Background: The survival of patients with diffuse large-B-cell lymphoma after chemotherapy is influenced by molecular features of the tumors. We used the gene-expression profiles of these lymphomas to develop a molecular predictor of survival.

Methods: Biopsy samples of diffuse large-B-cell lymphoma from 240 patients were examined for gene expression with the use of DNA microarrays and analyzed for genomic abnormalities. Subgroups with distinctive gene-expression profiles were defined on the basis of hierarchical clustering. A molecular predictor of risk was constructed with the use of genes with expression patterns that were associated with survival in a preliminary group of 160 patients and was then tested in a validation group of 80 patients. The accuracy of this predictor was compared with that of the international prognostic index.
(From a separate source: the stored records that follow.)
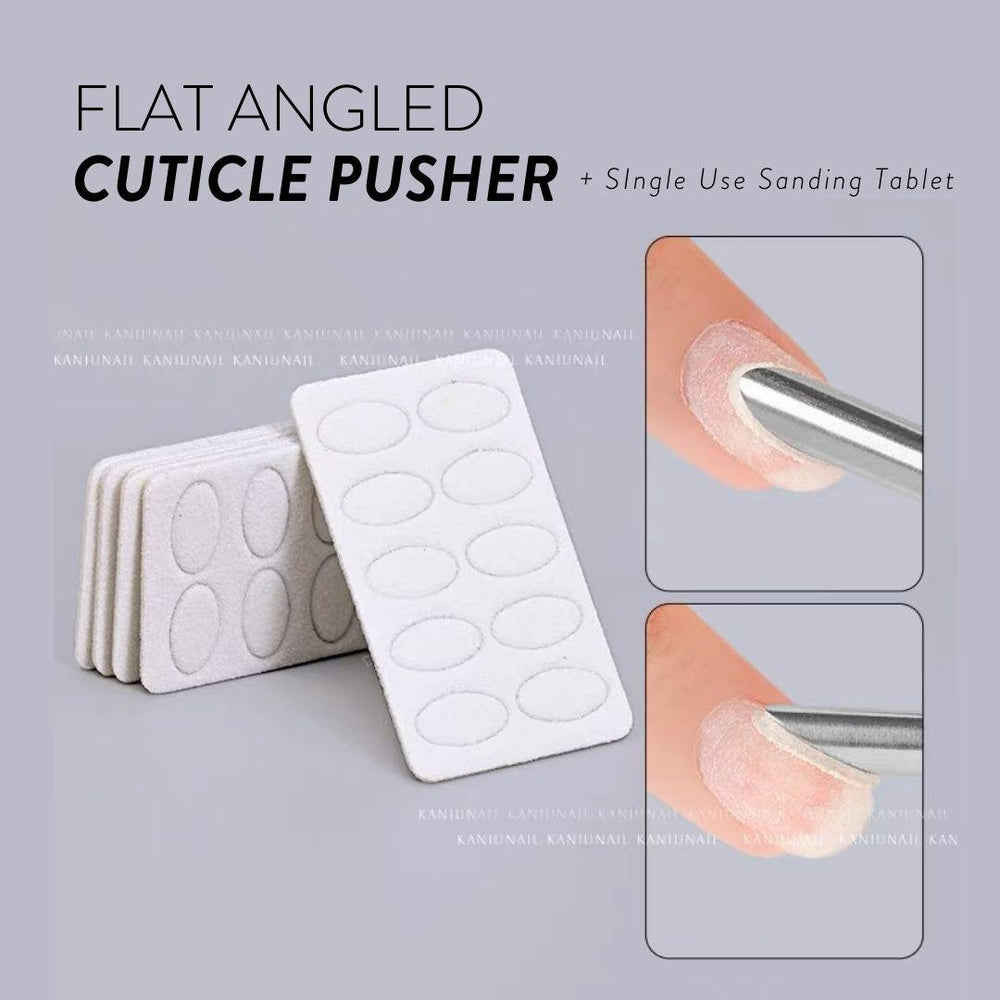 Flat Angle Cuticle Pusher + Single Use Sanding Tablet - Bee Lady Nails & Goods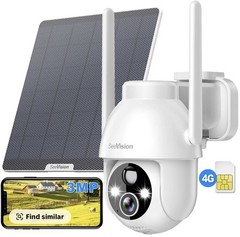 Black 4G LTE Cellular Solar Security Camera, Solar Powered Wireless 4G camera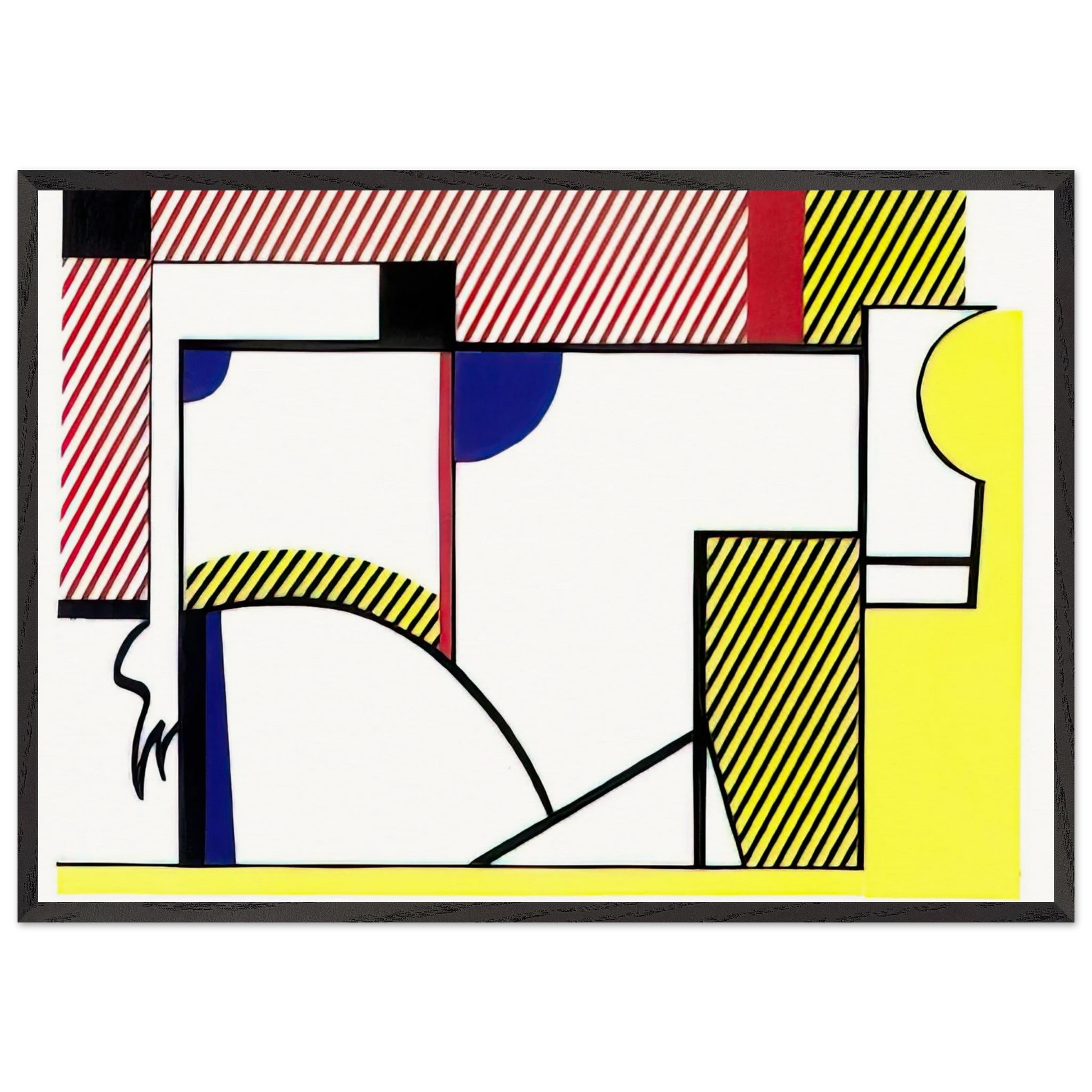 BULL VI 1973 - Roy Lichtenstein Framed Art Print – Black Wooden Frame - Default Title - -Framed Art Print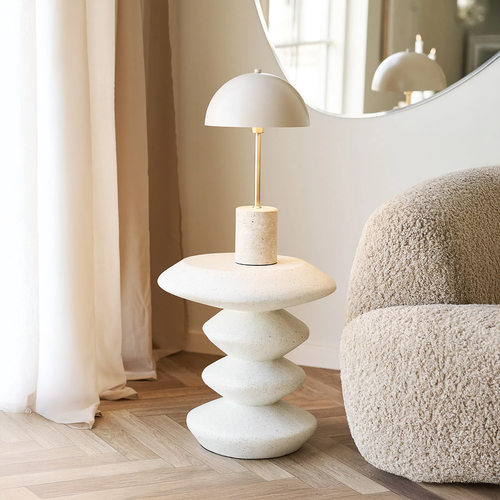 Artichok Aukje Fiberclay Bijzettafel Wit - Ø 36 x 46 cm - vtwonen shop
Results: Three gene-expression subgroups--germinal-center B-cell-like, activated B-cell-like, and type 3 diffuse large-B-cell lymphoma--were identified. Two common oncogenic events in diffuse large-B-cell lymphoma, bcl-2 translocation and c-rel amplification, were detected only in the germinal-center B-cell-like subgroup. Patients in this subgroup had the highest five-year survival rate. To identify other molecular determinants of outcome, we searched for individual genes with expression patterns that correlated with survival in the preliminary group of patients. Most of these genes fell within four gene-expression signatures characteristic of germinal-center B cells, proliferating cells, reactive stromal and immune cells in the lymph node, or major-histocompatibility-complex class II complex. We used 17 genes to construct a predictor of overall survival after chemotherapy. This gene-based predictor and the international prognostic index were independent prognostic indicators.

Conclusions: DNA microarrays can be used to formulate a molecular predictor of survival after chemotherapy for diffuse large-B-cell lymphoma.